First, consider when $\poly$ is already an SOP of pure products. In this case, sampling is trivial, and one would sample from the $\setsize$ terms with probability proportional to the product of probabilitites for each variable in the sampled monomial.
Second, consider when $\poly$ has a POS form with a product width of $k$. In this case, we can view $\poly$ as an expression tree, where the leaves represent the individual values of each factor. The leaves are joined together by either a $\times$ or $+$ internal node, and so on, until we reach the root, which is joining the $k$-$\times$ nodes.
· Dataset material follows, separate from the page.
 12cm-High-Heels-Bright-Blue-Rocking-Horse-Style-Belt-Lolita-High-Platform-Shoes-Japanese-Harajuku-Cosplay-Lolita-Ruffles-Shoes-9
Then for each $\times$ node, we multiply its subtree values, while for each $+$ node, we pick one of its children with probability proportional to the product of probabilities across its variables.
The above sampling scheme is in $O\left(|\poly|\cdot k\right)$ time then, since we have for either case, that at most the scheme would perform within a factor of the $|\poly|$ operations, and those operations are repeated the product width of $k$ times.
Thus, it is the case, that we can approximate $\rpoly(\prob_1,\ldots, \prob_n)$ within the claimed confidence bounds and computation time, thus proving the lemma.\AH{State why.}
\AH{Discuss how we have that $\rpoly\geq O(\setsize)$. Discuss that we need $b-a$ to be small.}
Before proceeding to describe the approximation algorithm, let us intrduce notation that will be of use in the following discussion. First, when we speak of $\smb$, we are speaking of a polynomial $\poly$ of the standard monomial basis, i.e., a polynomial whose monomials are not only in SOP form, but one whose non-distinct monomials have been collapsed into one distinct monomial, with its corresponding coefficient accurately reflecting the number of monomials combined.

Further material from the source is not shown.